The dark night of the unknown. The steps one knows one has to take and the associated fear.



Responsibility.


I feel this is the heart of meditation: Simply being interested in what is here – being more interested in what is… than in what was, what will be, or what should be.

Toni Packer

The dog, snoring at my feet. Loud chatter coming through the wall from next door. The smell of coffee and of smoke from the unlit fire. A new, different kind of silence in the absence of clanging tinnitus.

Even the same things are new in each moment.



The silence of not knowing.


No doer nor nothing to be done.


No thought can improve what is already here.


We don’t have ideas, ideas have us.

Carl Jung


In times of trauma I have no idea what I’m doing except somehow saving myself.



Sitting, wondering at the beauty of existence but also inquiring into the horrors here too.

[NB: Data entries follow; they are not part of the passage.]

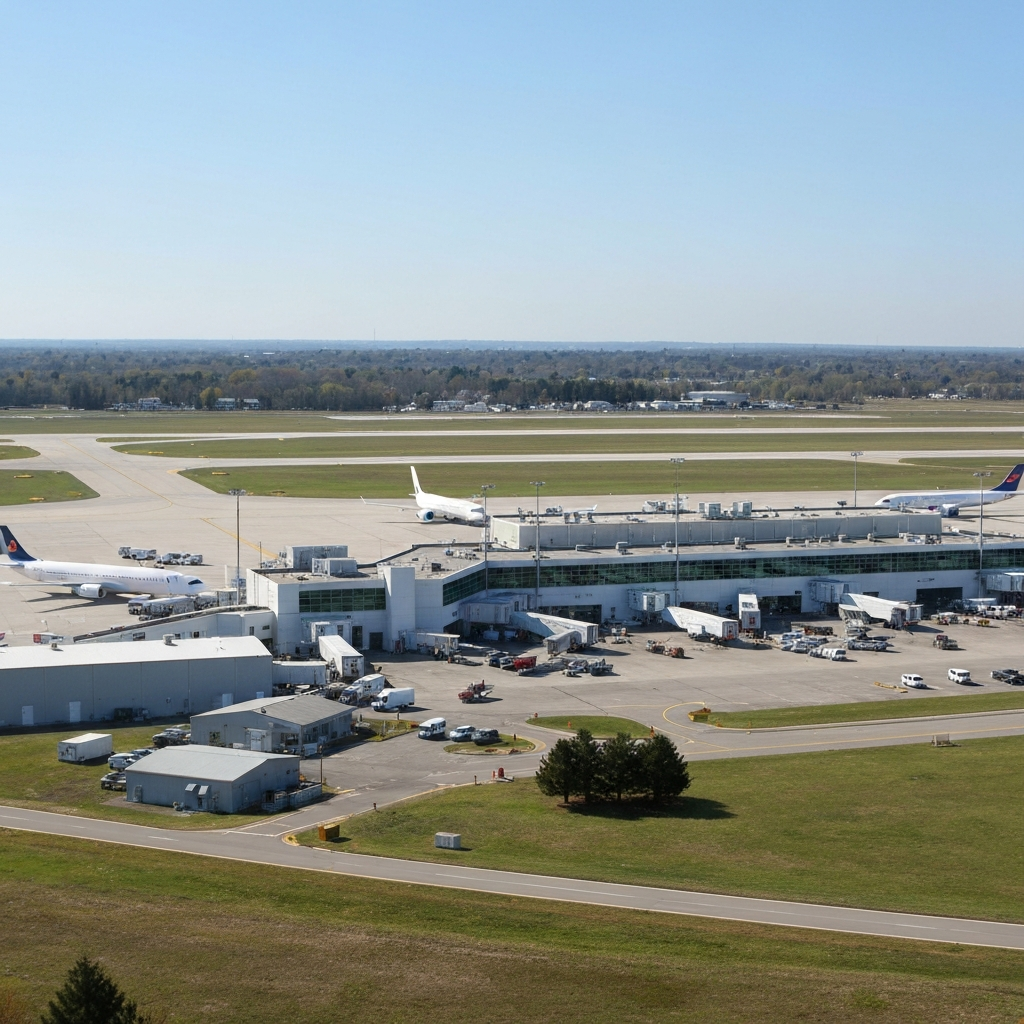 airport image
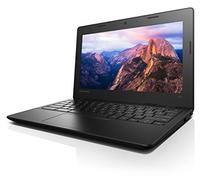 Lenovo IdeaPad 100S 11 Negro 2.16GHz 11.6" 1366 x 768Pixeles N2840 - Ordenador portátil (N2840, Touchpad, Chrome OS, Polímero de litio, Intel Celeron , 802.11ac)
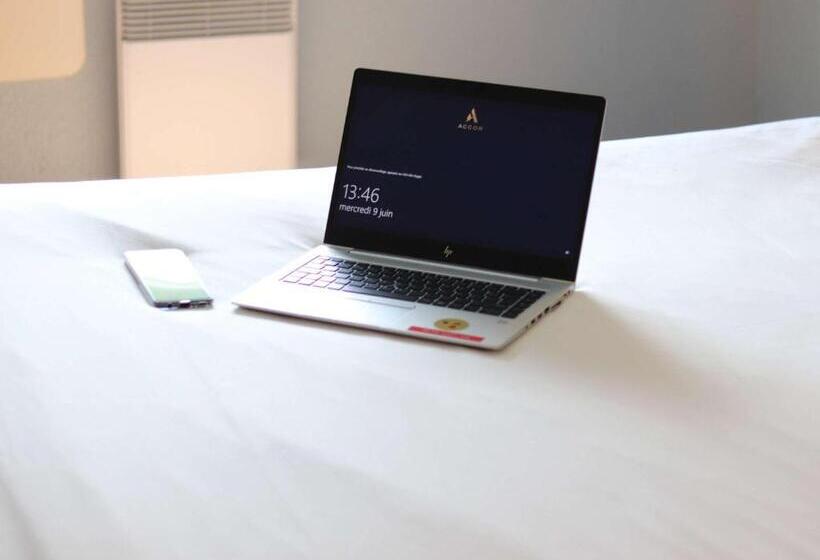 スタンダードルーム, Ibis Budget Paris La Villette 19eme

Pain yet complete aliveness.


What is the duration of this moment? Does it last only until the the next instance of inattention?


This is always it.


Roaring tinnitus this morning in my now blocked, deaf left ear. My experience of the world is now temporarily different and yet the open awareness of it remains clear and unchanged.


A solitary lamp illuminating the corner of the room. Ringing, hissing tinnitus; shrill, clean and precise.


I am very lucky to have a job in which I spend most of the time in a state of flow. No distracting, pointless, discursive inner monologue. Someway, somehow my usual identity of self falls away and ‘I’ cease to do the work but instead am the work.